Data to use —
↓↓↓
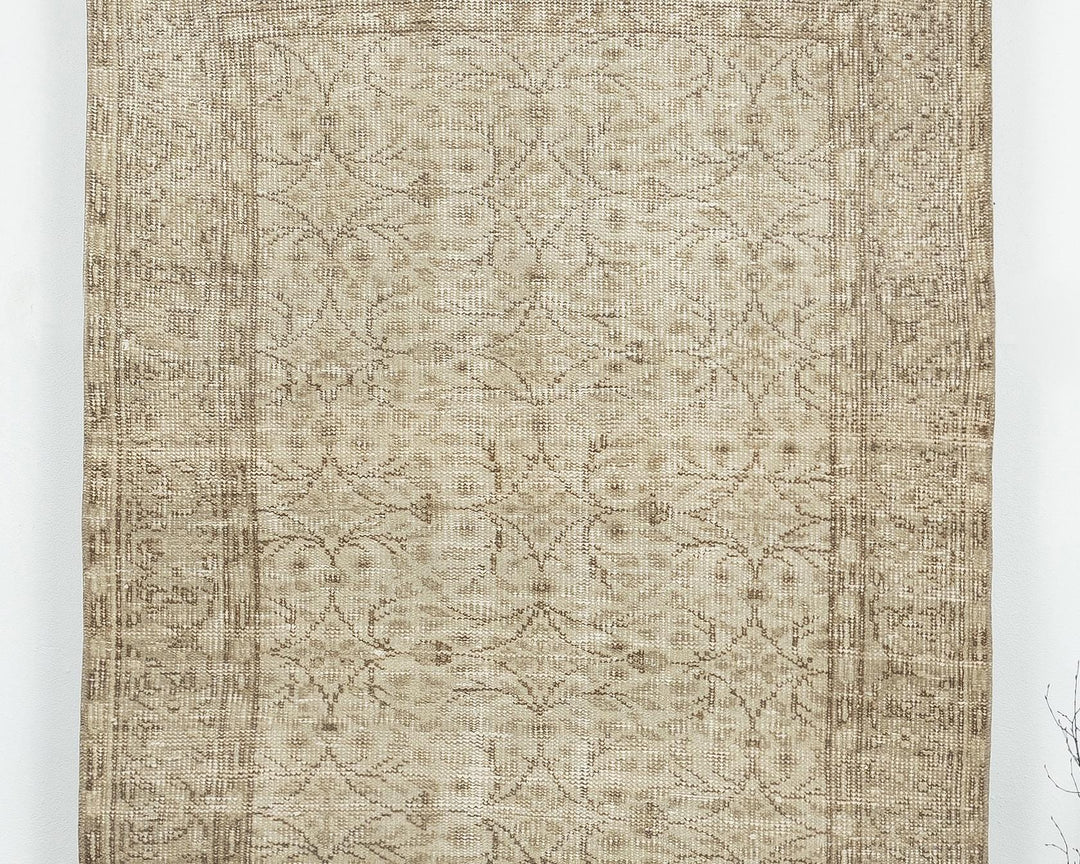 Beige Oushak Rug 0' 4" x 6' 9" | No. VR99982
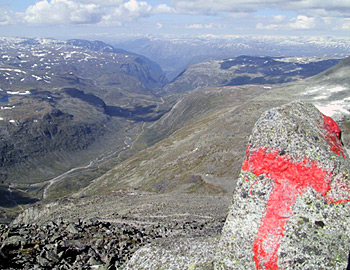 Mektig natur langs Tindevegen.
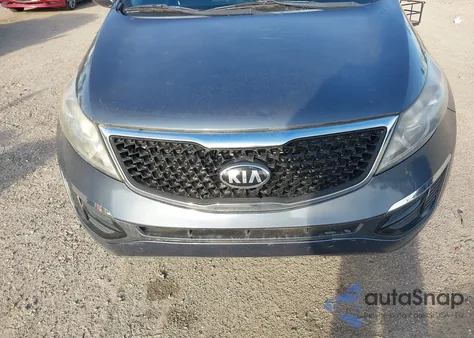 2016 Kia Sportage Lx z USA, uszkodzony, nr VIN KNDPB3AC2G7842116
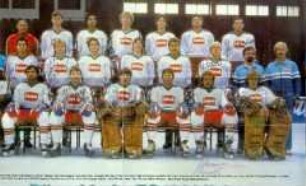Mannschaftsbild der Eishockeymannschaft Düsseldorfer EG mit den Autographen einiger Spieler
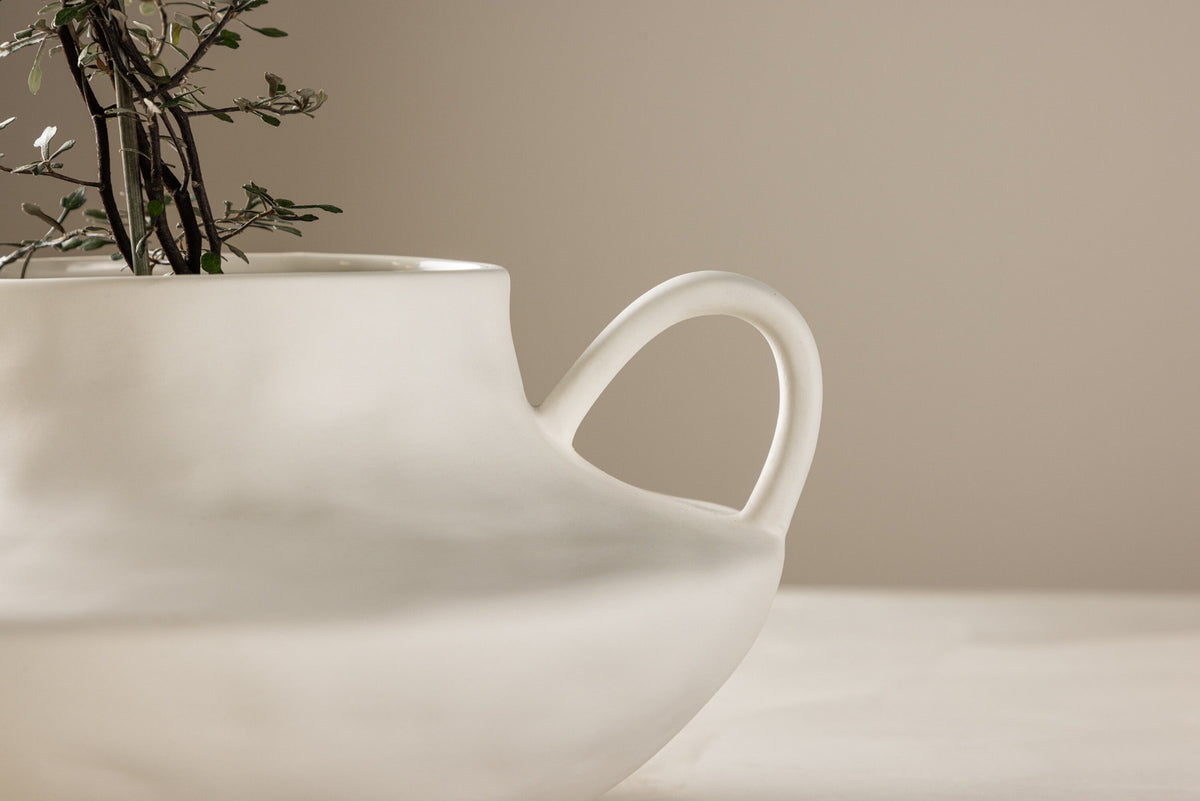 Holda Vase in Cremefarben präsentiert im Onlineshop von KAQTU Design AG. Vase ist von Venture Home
↑↑↑
↓↓↓
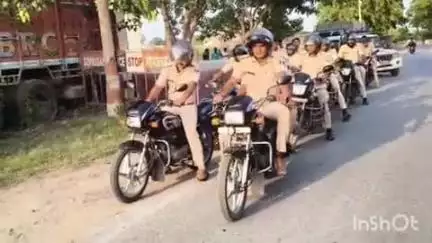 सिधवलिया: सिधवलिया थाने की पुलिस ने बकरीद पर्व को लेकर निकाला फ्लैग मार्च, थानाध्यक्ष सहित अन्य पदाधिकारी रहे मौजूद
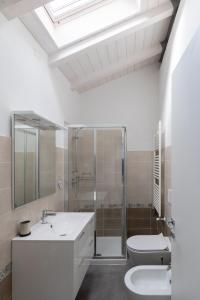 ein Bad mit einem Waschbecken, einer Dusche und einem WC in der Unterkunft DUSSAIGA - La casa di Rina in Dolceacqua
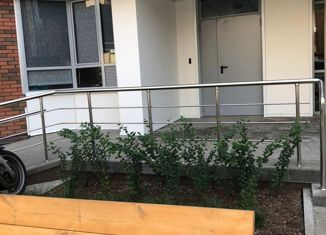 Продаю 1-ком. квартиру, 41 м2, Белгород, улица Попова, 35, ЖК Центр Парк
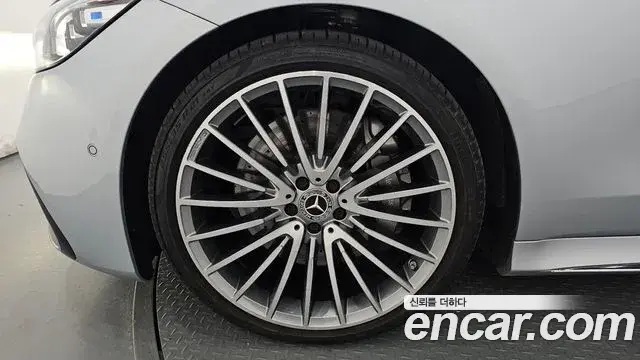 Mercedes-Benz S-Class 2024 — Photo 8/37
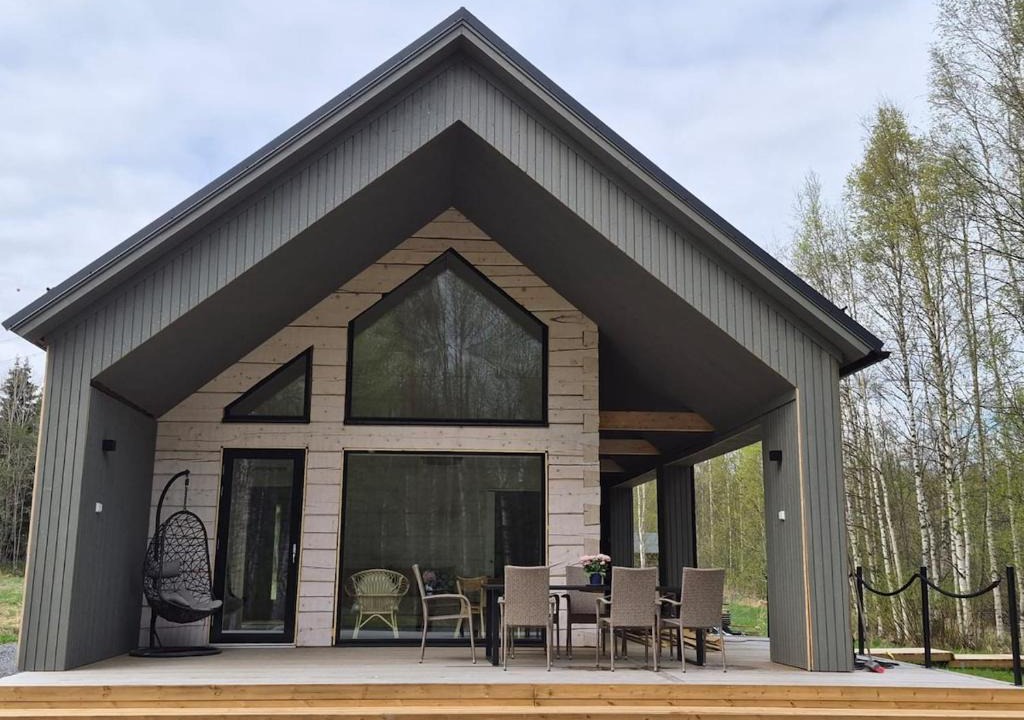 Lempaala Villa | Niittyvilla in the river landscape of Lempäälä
↑↑↑
↓↓↓
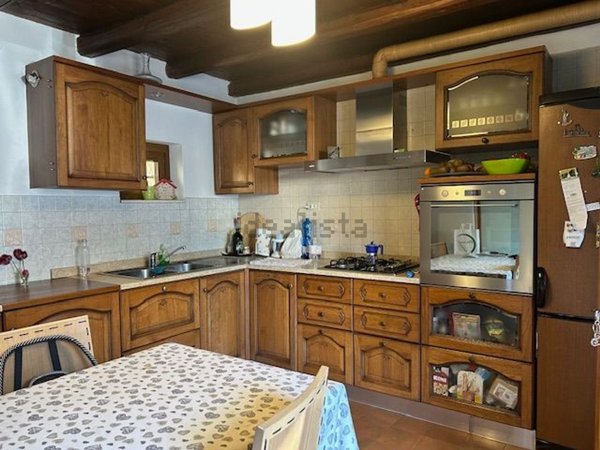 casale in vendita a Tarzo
↑↑↑
Task brief —
In the listing above, find the line with "2016 Kia Sportage" and the line with "Holda Vase in". Copy both of them and every line between, exactly, but not the pictures.

Result below —
 2016 Kia Sportage Lx z USA, uszkodzony, nr VIN KNDPB3AC2G7842116
Mannschaftsbild der Eishockeymannschaft Düsseldorfer EG mit den Autographen einiger Spieler
 Holda Vase in Cremefarben präsentiert im Onlineshop von KAQTU Design AG. Vase ist von Venture Home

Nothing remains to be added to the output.